◆ **Provided material**
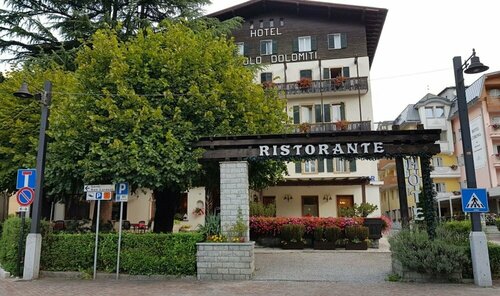 Hotel Pinzolo-Dolomiti, Забронировать Отель Отели в центре Пинцоло, в центре
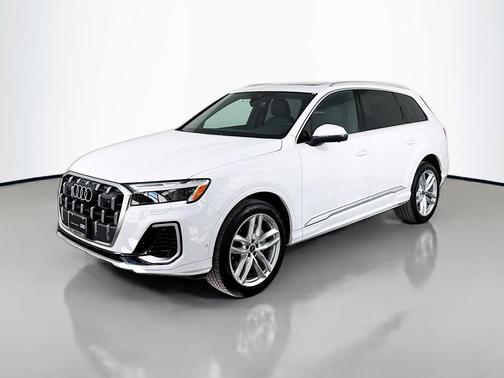 2025 Audi Q7 55 Premium Plus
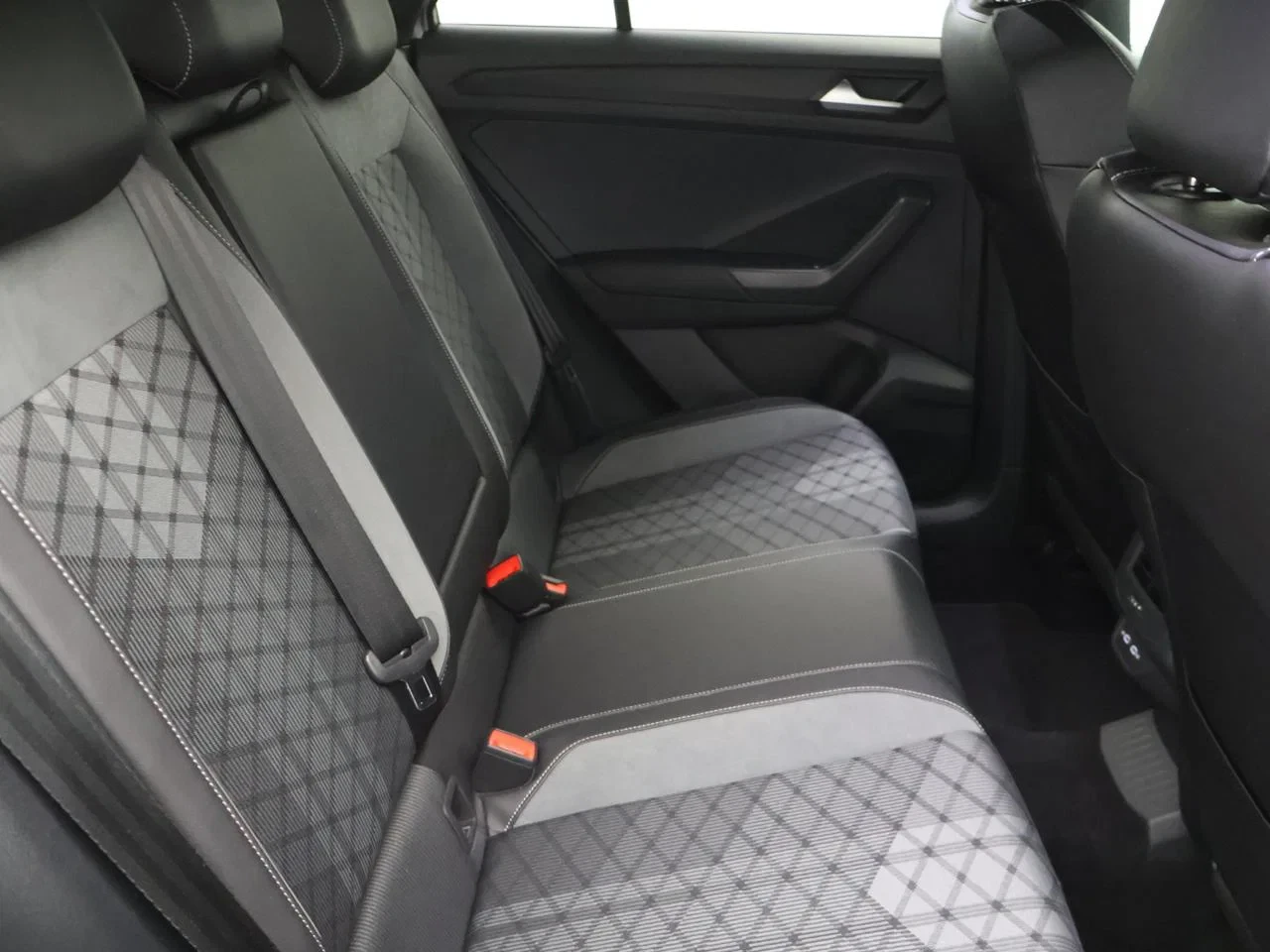 Volkswagen-T-Roc-image-3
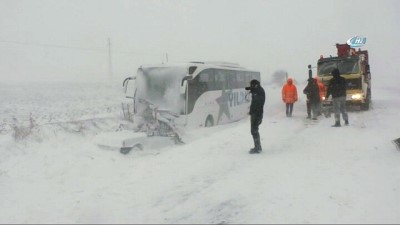 karayollari -  Tokat'ta yolcu otobüsü otomobile çarptı: 1 ölü, 3 yaralı  Videosu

◆ **Brief**
Give back all of the data exactly, but not the pictures.

◆ **Problem solution**
 Hotel Pinzolo-Dolomiti, Забронировать Отель Отели в центре Пинцоло, в центре
 2025 Audi Q7 55 Premium Plus
 Volkswagen-T-Roc-image-3
 karayollari -  Tokat'ta yolcu otobüsü otomobile çarptı: 1 ölü, 3 yaralı  Videosu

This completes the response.